I shall not longer intrude upon the patience of your Lordships, trusting that, in the few words I have used, I have made the grounds of my opinion sufficiently intelligible.”
After their Lordships had spoken, the following judgment was moved by Lord Eldon, and carried:—
20 th Jane 1810.
Judgment in Competition of Brieves.
It was ordered and adjudged, That so much of the interlocutor of the Lords of Session of the 14th Feb. 1806 as contains an instruction to the Macers to find that John Bellenden Ker, Henry Gawler, and John Seton Karr, Esq., had a title to appear and be heard for their interest in the said services, and so much of the said interlocutor of the Court of Macers of the 17th Feb. 1806, as finds, in conformity to the said instruction, be affirmed. And it is declared that, according to the just and legal construction of the substitution of the deed 1648, to the eldest dochter of Hary Lord Ker, without division, and their heirs-male, the several daughters of Hary Lord Ker, in their order, and the heirs-male of their respective bodies begotten seriatim were called as heirs of tailzie and provision to take the estates conveyed by the said deed, in preference to the heir-male general of the eldest, or of any other of the said daughters; And it is further ordered and adjudged, That the said interlocutor of the Lords of Session of 6th, signed 10th March 1807, and the said interlocutor of the 7th, signed the 8th July 1807, (the latter interlocutor explaining the former interlocutor of 6th, signed 10th March 1807, and being understood by this House to mean that the said Sir James Innes Ker is to be preferred in the competition of brieves, if he proves, according to the usual course of proceedings in services, that he is the heir-male of the body of Lady Margaret Ivor, and that there are no heirs-male of the bodies of Ladies Jean and Anna respectively,) be affirmed, and
that the said interlocutor of the Lord Ordinary on the Bills of 27th Feb. 1808, be also affirmed. And it is further ordered, That the said original and cross appeals be dismissed this House.

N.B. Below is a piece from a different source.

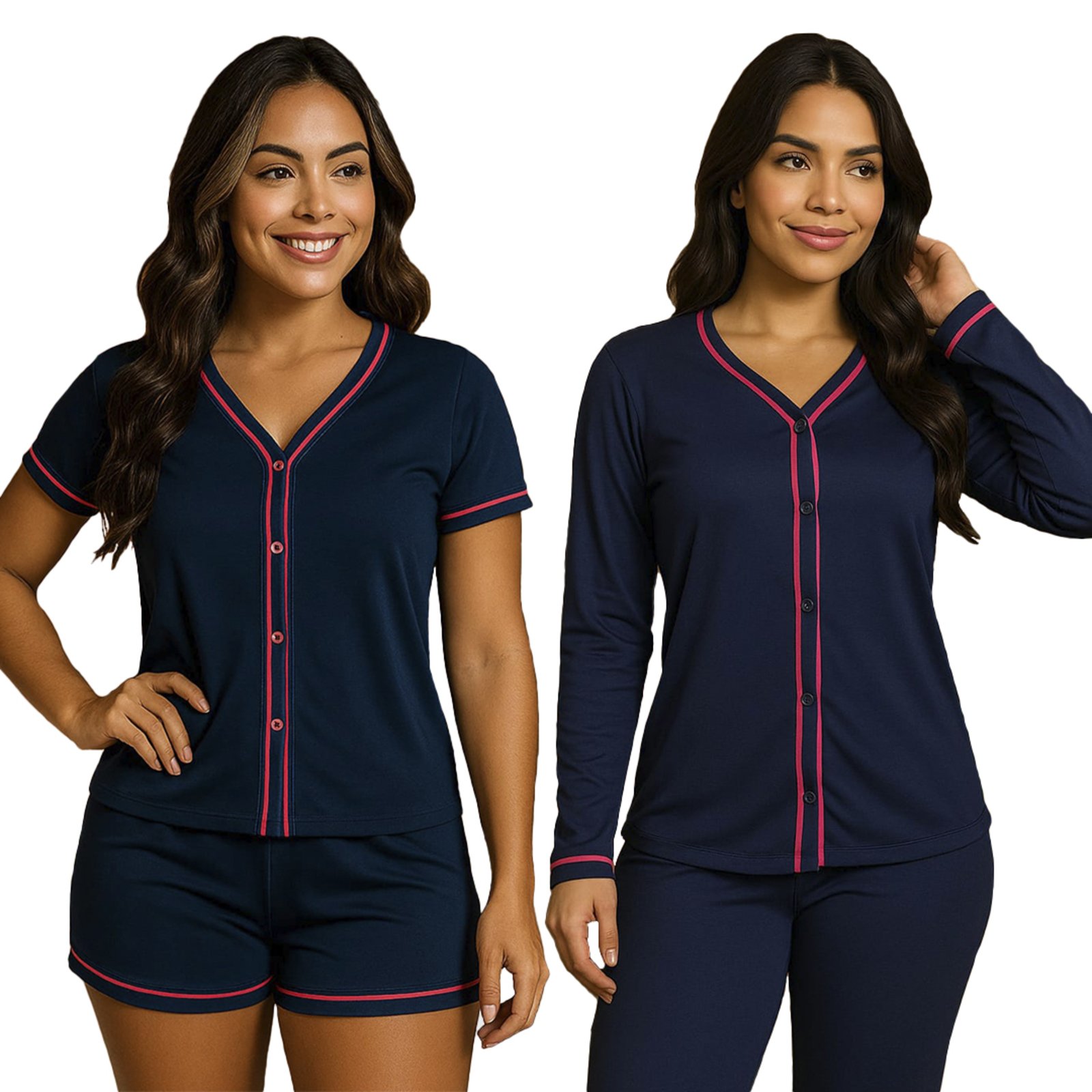 Kit 2 Pijamas Gabi Lingerie Estilo Blogueira Manga Curta e Manga Comprida Modelagem Perfeita Elegante Moda Feminina Marinho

[The consideration of the appeal in the reduction and declarator was postponed until it was seen that Sir James Norcliffe Innes, in proceeding with his service, succeeded in proving his propinquity as nearest heir-male of Margaret, third daughter of Hary Lord Ker, and that Ladies Jane and Anna, and the heirs-male of their bodies respective, had failed. This having been done by Sir James, the House of Lords again resumed consideration of the reduction and declarator, and pronounced in it the following judgment.]
House of Lords, 8th June 1811.
Judgment in the action of Reduction.
Ordered and adjudged, That the appeal be dismissed, and that the interlocutors complained of be, and the same are hereby affirmed.
Counsel: For the Appellants, Thos. Plumer, Wm. Adam, Mat. Boss, John Clerk, James Moncreiff.